- PROBLEM STATEMENT: Repeat the lines of the listing below exactly, starting at the line that contains "New Morning Style" and running through the last line, both included, and only those.

*** PROVIDED MATERIAL Section Begins ***

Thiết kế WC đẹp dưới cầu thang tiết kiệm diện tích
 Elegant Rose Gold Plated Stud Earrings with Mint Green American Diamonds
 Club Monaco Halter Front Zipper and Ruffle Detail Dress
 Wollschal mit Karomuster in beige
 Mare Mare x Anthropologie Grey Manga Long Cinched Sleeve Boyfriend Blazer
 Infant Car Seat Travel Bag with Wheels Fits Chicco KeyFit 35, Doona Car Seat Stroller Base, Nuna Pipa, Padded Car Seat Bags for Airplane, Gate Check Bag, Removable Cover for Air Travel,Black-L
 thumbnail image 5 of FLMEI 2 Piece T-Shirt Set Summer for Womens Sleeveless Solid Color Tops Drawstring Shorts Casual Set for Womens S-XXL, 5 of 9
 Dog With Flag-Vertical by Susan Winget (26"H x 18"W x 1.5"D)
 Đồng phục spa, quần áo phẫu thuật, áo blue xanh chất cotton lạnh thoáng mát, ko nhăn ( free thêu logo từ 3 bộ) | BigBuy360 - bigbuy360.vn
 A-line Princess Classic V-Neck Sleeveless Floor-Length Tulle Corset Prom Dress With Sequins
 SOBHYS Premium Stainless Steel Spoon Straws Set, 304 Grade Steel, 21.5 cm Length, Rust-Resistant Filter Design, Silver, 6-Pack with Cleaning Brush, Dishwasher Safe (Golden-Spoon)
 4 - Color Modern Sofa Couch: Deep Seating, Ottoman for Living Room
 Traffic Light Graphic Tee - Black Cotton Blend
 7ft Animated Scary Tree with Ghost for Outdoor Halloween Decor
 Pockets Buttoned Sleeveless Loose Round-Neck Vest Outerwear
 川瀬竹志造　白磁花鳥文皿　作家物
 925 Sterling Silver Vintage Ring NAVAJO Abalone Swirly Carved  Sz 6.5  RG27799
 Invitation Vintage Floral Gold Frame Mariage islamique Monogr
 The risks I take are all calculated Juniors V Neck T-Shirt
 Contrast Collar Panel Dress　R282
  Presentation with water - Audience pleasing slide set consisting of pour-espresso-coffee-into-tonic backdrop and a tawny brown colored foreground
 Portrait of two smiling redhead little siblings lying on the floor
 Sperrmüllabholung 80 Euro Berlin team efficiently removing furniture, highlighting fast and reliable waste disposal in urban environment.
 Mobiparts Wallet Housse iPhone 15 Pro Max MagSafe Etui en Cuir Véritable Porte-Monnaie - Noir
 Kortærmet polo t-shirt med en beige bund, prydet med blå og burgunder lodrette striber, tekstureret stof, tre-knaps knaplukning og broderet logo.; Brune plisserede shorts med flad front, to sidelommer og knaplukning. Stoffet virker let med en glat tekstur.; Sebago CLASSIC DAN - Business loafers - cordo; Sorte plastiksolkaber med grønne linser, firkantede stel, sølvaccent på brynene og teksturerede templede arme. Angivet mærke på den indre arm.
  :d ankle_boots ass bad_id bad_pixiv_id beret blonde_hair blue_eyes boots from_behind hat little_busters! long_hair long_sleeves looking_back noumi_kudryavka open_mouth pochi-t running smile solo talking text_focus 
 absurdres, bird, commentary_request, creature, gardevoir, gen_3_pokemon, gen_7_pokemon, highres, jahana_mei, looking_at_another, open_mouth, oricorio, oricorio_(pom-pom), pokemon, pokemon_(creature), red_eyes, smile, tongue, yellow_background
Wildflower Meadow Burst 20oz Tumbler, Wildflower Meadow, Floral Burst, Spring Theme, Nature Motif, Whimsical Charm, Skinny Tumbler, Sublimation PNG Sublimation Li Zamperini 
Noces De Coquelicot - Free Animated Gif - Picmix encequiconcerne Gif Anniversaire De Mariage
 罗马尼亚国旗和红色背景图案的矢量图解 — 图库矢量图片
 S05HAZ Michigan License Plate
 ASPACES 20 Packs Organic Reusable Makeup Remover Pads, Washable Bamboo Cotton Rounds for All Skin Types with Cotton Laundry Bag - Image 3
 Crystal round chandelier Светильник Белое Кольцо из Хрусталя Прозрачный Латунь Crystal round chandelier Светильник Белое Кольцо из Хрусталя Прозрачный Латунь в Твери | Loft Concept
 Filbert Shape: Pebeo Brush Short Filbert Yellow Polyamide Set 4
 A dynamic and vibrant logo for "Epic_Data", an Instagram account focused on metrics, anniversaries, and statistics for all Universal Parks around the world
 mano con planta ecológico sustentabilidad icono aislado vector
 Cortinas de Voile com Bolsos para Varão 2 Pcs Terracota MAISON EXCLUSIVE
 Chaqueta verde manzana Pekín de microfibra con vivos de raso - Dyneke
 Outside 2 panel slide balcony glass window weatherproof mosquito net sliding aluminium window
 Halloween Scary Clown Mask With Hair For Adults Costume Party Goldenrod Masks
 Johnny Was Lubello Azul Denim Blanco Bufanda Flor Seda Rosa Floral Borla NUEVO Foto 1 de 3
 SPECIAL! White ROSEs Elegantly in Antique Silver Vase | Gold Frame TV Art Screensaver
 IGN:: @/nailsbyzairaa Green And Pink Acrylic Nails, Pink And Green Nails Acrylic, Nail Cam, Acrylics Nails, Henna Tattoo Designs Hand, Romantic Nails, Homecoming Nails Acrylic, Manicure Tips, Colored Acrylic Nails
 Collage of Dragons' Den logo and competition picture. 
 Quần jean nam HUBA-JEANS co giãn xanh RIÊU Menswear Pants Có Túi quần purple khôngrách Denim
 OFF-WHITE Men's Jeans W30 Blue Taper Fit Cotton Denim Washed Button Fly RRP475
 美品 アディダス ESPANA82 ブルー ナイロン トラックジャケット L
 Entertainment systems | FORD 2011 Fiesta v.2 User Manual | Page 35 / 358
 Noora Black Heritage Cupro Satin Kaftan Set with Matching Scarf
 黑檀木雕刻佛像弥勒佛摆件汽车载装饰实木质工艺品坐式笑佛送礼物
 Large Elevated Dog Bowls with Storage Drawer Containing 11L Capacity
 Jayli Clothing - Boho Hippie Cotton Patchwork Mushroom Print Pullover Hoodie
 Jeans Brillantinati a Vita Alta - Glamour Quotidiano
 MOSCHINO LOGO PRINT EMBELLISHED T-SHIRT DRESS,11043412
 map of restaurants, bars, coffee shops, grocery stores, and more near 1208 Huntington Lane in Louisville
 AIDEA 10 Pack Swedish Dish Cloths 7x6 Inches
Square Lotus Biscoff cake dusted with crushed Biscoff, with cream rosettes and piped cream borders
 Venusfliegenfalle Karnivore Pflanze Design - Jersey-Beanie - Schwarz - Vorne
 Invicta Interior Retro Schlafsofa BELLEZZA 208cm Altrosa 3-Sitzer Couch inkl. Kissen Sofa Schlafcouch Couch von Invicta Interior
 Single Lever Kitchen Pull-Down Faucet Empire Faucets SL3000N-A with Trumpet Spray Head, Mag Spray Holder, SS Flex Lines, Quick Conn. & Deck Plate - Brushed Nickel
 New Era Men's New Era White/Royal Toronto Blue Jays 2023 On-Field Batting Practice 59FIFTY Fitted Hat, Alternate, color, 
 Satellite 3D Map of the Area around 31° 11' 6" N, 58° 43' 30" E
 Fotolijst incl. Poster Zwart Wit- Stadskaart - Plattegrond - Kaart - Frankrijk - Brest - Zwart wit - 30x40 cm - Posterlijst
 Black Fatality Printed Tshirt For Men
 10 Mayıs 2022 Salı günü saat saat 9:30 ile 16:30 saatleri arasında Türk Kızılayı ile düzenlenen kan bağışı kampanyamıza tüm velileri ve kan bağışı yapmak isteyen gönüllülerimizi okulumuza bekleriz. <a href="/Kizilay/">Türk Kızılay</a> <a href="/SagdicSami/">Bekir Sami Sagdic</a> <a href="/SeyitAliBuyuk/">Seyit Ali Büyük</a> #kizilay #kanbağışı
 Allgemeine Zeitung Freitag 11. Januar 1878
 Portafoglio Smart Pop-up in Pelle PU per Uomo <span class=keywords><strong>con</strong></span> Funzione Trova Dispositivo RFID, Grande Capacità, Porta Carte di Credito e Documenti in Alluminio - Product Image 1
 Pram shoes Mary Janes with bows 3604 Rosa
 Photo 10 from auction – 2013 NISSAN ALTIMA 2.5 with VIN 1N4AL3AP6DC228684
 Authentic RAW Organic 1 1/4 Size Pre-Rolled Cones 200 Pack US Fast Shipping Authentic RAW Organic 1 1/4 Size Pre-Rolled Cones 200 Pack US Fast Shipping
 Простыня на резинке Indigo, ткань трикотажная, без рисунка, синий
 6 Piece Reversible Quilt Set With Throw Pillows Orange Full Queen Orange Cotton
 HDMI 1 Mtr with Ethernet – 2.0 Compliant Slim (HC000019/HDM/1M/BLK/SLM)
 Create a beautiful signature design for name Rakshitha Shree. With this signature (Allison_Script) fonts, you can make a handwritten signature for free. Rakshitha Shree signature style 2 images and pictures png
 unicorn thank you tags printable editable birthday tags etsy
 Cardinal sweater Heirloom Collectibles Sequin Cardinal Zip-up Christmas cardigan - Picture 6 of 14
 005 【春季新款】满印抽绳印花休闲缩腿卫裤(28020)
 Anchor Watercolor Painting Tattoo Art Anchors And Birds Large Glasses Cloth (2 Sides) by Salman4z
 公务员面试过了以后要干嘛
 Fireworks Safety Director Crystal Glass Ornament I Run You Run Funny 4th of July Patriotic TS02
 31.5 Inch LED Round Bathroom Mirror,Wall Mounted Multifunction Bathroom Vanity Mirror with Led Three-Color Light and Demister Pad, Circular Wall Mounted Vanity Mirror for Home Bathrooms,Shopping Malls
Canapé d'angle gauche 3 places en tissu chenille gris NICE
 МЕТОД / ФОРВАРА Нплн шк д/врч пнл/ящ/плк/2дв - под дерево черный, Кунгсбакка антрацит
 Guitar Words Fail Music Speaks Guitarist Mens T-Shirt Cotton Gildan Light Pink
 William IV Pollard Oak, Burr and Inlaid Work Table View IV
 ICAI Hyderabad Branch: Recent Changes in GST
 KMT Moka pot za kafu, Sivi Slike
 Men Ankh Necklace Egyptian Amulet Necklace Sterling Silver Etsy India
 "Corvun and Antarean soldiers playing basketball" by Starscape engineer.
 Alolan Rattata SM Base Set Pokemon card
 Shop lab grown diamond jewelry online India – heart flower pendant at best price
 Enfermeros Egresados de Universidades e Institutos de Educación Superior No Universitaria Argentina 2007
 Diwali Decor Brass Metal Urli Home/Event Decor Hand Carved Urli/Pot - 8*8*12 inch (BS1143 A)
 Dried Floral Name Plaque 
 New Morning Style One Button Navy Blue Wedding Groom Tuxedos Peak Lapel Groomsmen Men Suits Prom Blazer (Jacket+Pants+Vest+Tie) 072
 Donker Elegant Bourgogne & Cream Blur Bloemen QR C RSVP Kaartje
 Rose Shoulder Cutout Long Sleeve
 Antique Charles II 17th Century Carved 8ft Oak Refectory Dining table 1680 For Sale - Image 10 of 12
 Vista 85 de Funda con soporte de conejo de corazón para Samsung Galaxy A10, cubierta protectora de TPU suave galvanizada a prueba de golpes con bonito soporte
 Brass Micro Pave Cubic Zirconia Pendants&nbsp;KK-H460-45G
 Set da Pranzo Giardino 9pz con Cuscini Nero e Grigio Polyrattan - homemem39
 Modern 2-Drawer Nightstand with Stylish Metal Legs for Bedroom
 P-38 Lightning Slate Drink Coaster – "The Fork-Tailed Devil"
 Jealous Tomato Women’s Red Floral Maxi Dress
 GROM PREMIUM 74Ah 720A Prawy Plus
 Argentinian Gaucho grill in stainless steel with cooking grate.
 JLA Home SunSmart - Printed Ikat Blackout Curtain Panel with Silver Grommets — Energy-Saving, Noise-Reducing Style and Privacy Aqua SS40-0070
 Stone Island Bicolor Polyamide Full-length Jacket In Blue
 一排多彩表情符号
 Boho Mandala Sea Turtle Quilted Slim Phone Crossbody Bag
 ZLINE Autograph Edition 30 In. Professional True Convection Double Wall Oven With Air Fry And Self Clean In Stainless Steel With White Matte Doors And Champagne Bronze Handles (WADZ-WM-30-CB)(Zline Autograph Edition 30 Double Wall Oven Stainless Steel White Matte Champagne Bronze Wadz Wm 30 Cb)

*** PROVIDED MATERIAL Section Ends ***

- TASK RESULT:
 New Morning Style One Button Navy Blue Wedding Groom Tuxedos Peak Lapel Groomsmen Men Suits Prom Blazer (Jacket+Pants+Vest+Tie) 072
 Donker Elegant Bourgogne & Cream Blur Bloemen QR C RSVP Kaartje
 Rose Shoulder Cutout Long Sleeve
 Antique Charles II 17th Century Carved 8ft Oak Refectory Dining table 1680 For Sale - Image 10 of 12
 Vista 85 de Funda con soporte de conejo de corazón para Samsung Galaxy A10, cubierta protectora de TPU suave galvanizada a prueba de golpes con bonito soporte
 Brass Micro Pave Cubic Zirconia Pendants&nbsp;KK-H460-45G
 Set da Pranzo Giardino 9pz con Cuscini Nero e Grigio Polyrattan - homemem39
 Modern 2-Drawer Nightstand with Stylish Metal Legs for Bedroom
 P-38 Lightning Slate Drink Coaster – "The Fork-Tailed Devil"
 Jealous Tomato Women’s Red Floral Maxi Dress
 GROM PREMIUM 74Ah 720A Prawy Plus
 Argentinian Gaucho grill in stainless steel with cooking grate.
 JLA Home SunSmart - Printed Ikat Blackout Curtain Panel with Silver Grommets — Energy-Saving, Noise-Reducing Style and Privacy Aqua SS40-0070
 Stone Island Bicolor Polyamide Full-length Jacket In Blue
 一排多彩表情符号
 Boho Mandala Sea Turtle Quilted Slim Phone Crossbody Bag
 ZLINE Autograph Edition 30 In. Professional True Convection Double Wall Oven With Air Fry And Self Clean In Stainless Steel With White Matte Doors And Champagne Bronze Handles (WADZ-WM-30-CB)(Zline Autograph Edition 30 Double Wall Oven Stainless Steel White Matte Champagne Bronze Wadz Wm 30 Cb)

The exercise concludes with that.